The homelessness problem will not be solved by criminalising people or sweeping them up.

Neither is it a problem that can be solved by local authorities alone: it needs action by government, local authorities and all of us.

In RBWM we need a change in attitude, and we need to stop fobbing off those who need social housing to other councils with so-called appropriate housing stock.

The government can repeal the Vagrancy Act of 1820, stop outsourcing its responsibilities to local authorities without properly funding them. It needs to accept that social and health care (including mental health care) belong in the same bucket and that a multi-disciplinary approach to homelessness with trained first responders, local interim care and support facilities covering health and training, and appropriate housing with security of tenure for long-term settlement.

The local authority too needs to be in the frontline of this initiative and embrace it by facilitating the integration of social and health care where it can. Most importantly it needs to build social housing; the recent Shelter report put the nationwide demand for social housing at 3.1 million homes, pro-rata that is about 700 needed now in the borough. The how is outlined in the Town & Country Planning Association report on affordable housing.

This is a big issue to turn round, and the process will be made much quicker with our engagement with and support to all those groups and charities on the front line of this crisis of our creation.

The council should facilitate the co-ordination of a local housing action group.


Cllr Simon Werner (Lib Dem, Pinkneys Green) said:

We believe it is essential to collaborate with the charities and organisations who work with rough sleepers.

They are the experts and have the expertise to guide our policies and practice. We would engage fully with Windsor Homeless Project, The Susan Brett Foundation, More than a Shelter and others, making it easier for them to get their job done.

To address the scandal of rough sleeping, we advocate a ‘Housing First’ model. This evidence-based approach uses independent stable housing as a platform to help people with complex needs move away from homelessness. Used across the USA, Europe and trialled in the UK, it can reduce the demand on other services such as shelters, police custody and hospitals. Flexible support is provided for as long as it is needed and a home is seen as a right rather than a reward. We believe in personalised support for those with complex and multiple needs and we would promote mental health and addiction services.

We would also seek to provide opportunities for volunteering and employment to help people get back into the world of work.
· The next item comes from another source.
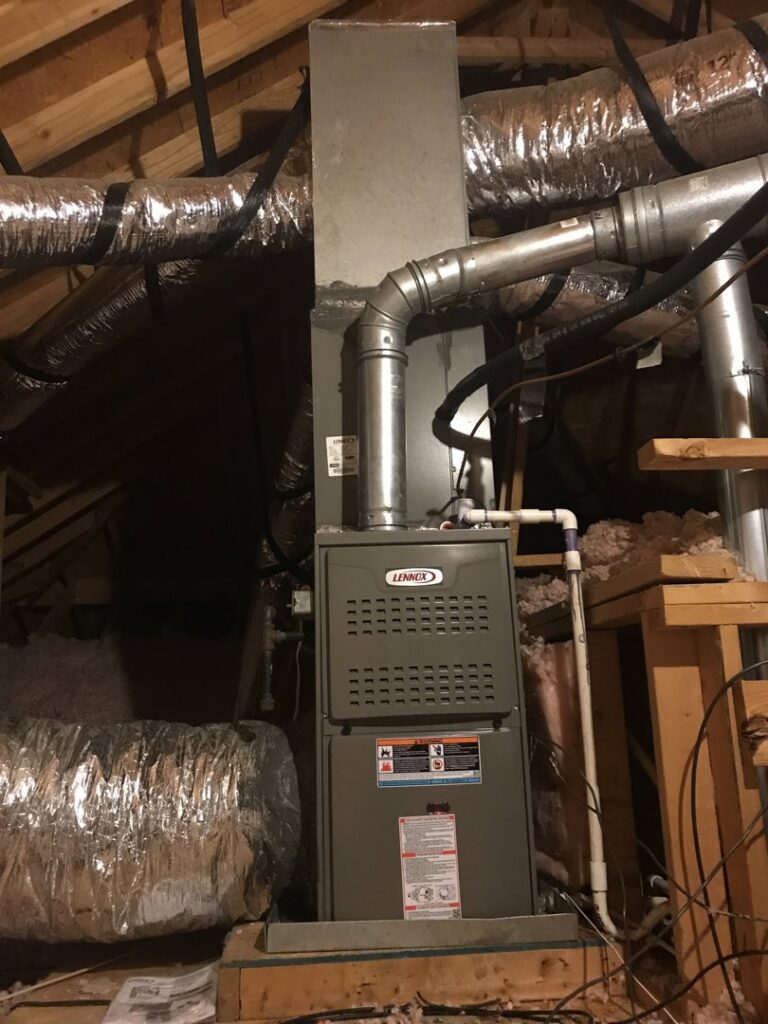 An indoor HVAC air handler unit with ductwork installed in an attic by Gouker's Best Air in Franklin, TN.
Homelessness encompasses a range of insecure housing situations so we are keen to tackle some of the risk factors, including rogue landlords, short-term tenancy agreements and a lack of genuinely affordable housing. The Lib Dems will ensure developers deliver on their social housing obligations and will build affordable or social rent housing by contracting the building work ourselves or through a wholly owned housing company.

Soon after the election of a Lib Dem council, we would expect to see a permanent night shelter to provide emergency housing, not just during SWEP, but year round.

Run in partnership with local organisations, this would be a hub for people to access a range of services and support, as well as shelter. In time, RBWM would trial a Housing First project and we would expect to see the numbers of street-homeless decrease, easing demand on acute services.

Independent candidate for Furze Platt Cllr Hari Sharma said he wanted to see the borough adopt a 'housing first' model to which he said has worked in Finland.

He said: "There is ample evidence from many countries that shows it is always more cost effective to aim to end homelessness instead of simply trying to manage its consequences. I believe a policy of this kind could be more than five times effective than existing services (multi agency approach). Local council resources should be focused on supporting more mainstream efforts to tackle homelessness and prevent instances of entrenched homelessness."